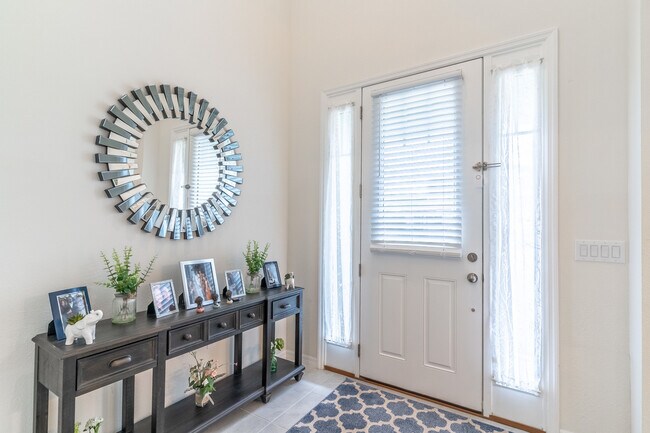 2721 Chantilly Ave in Kissimmee, FL - Building Photo - Building Photo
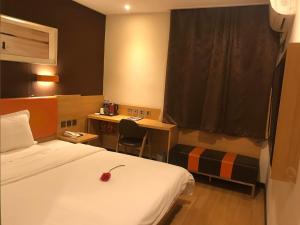 7 days premium nanjing xinjiekou zhangfuyuan railway station branch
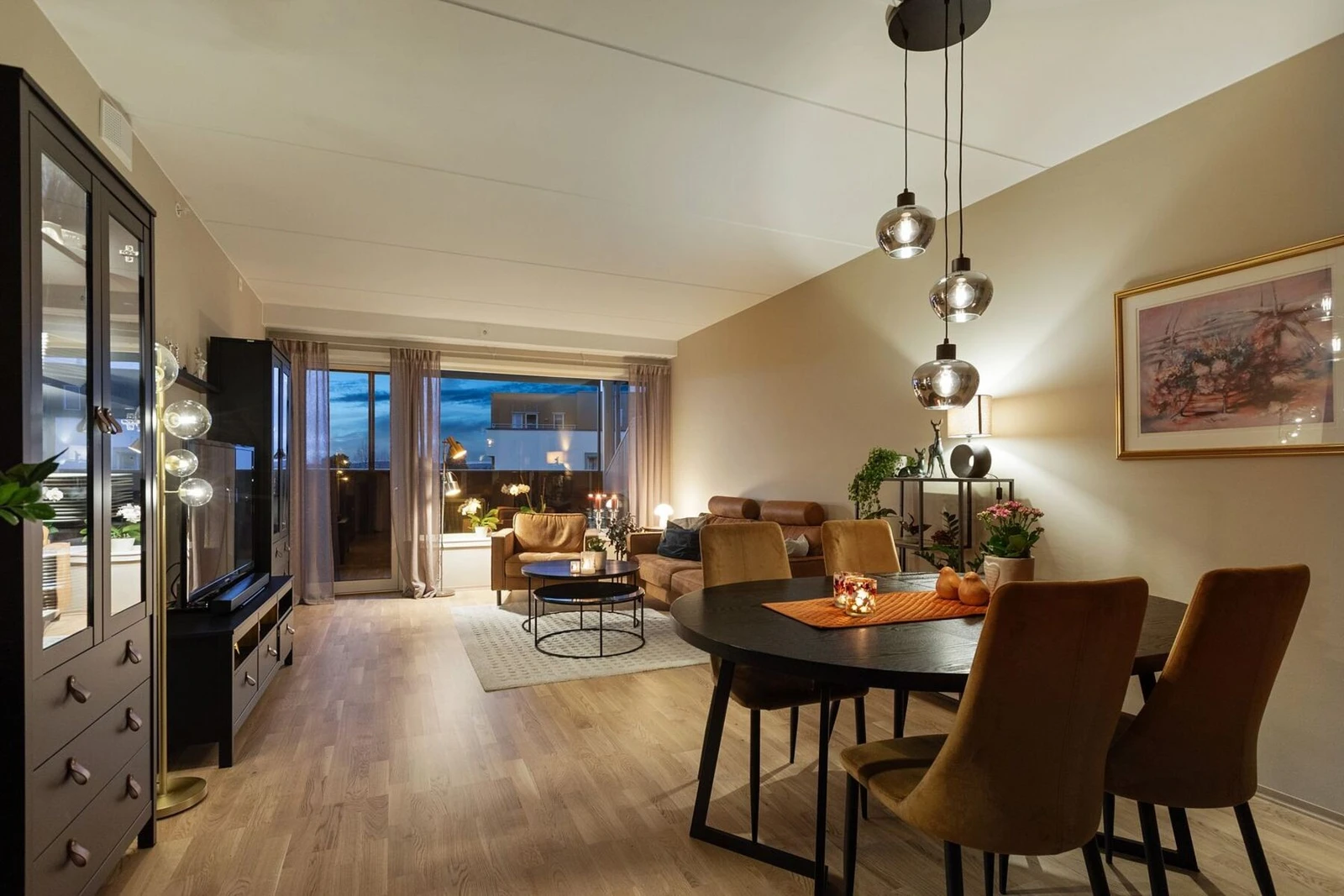 Fra stuen er det utgang til balkongen, hvor lyset flommer inn gjennom store vindusflater og bringer uteområdet inn i rommet. Dette er en sone som kombinerer funksjonalitet og estetikk på beste måte. Galleribilde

= = =

# ASSIGNMENT
Write out, with no pictures, only the lines from the line containing "7 days premium" through the last line of the listing above, exactly and with both ends included.

# WRITTEN SOLUTION
 7 days premium nanjing xinjiekou zhangfuyuan railway station branch
 Fra stuen er det utgang til balkongen, hvor lyset flommer inn gjennom store vindusflater og bringer uteområdet inn i rommet. Dette er en sone som kombinerer funksjonalitet og estetikk på beste måte. Galleribilde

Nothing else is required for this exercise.